Data records:
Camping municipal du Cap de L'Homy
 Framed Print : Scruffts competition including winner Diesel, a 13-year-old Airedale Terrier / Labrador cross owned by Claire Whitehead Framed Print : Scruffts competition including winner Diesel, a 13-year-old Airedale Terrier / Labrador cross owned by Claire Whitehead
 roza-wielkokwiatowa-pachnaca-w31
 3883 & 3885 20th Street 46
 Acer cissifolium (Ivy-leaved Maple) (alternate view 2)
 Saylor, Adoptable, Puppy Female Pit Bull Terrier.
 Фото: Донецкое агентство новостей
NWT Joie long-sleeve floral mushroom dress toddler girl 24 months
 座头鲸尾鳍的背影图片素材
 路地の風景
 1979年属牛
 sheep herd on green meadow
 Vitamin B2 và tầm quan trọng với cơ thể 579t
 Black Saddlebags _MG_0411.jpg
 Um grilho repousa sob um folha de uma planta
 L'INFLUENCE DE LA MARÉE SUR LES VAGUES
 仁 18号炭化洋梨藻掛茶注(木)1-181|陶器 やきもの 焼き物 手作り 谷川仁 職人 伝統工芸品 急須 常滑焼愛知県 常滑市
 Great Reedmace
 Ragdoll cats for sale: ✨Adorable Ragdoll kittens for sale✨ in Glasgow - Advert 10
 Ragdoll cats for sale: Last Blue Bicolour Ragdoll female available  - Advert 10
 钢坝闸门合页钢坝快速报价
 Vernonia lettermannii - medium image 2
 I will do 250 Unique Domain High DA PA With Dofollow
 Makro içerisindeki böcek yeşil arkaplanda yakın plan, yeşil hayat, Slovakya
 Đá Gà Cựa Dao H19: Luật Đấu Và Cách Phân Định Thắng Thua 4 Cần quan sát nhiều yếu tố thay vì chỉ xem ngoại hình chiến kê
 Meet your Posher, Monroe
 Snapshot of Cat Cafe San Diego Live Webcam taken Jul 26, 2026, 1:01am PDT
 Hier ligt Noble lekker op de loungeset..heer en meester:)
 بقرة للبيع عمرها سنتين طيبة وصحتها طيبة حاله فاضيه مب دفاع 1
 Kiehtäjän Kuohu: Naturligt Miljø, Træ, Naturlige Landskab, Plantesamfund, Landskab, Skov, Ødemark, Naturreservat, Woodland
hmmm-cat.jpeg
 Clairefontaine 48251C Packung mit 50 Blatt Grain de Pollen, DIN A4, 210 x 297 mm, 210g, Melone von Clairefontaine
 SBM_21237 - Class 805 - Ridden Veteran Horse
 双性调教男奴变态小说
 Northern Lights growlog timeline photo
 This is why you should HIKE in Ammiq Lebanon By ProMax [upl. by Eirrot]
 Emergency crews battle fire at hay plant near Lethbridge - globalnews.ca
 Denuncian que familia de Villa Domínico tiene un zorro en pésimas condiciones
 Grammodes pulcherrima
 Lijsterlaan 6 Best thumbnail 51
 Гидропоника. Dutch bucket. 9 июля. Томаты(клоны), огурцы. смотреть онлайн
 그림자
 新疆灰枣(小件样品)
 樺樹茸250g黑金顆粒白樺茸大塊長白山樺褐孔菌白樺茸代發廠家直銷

What the task requires: Everything from the line with "Makro içerisindeki böcek" through the line with "Hier ligt Noble" in the listing above must be retyped exactly, with nothing added.

Response for this exercise:
 Makro içerisindeki böcek yeşil arkaplanda yakın plan, yeşil hayat, Slovakya
 Đá Gà Cựa Dao H19: Luật Đấu Và Cách Phân Định Thắng Thua 4 Cần quan sát nhiều yếu tố thay vì chỉ xem ngoại hình chiến kê
 Meet your Posher, Monroe
 Snapshot of Cat Cafe San Diego Live Webcam taken Jul 26, 2026, 1:01am PDT
 Hier ligt Noble lekker op de loungeset..heer en meester:)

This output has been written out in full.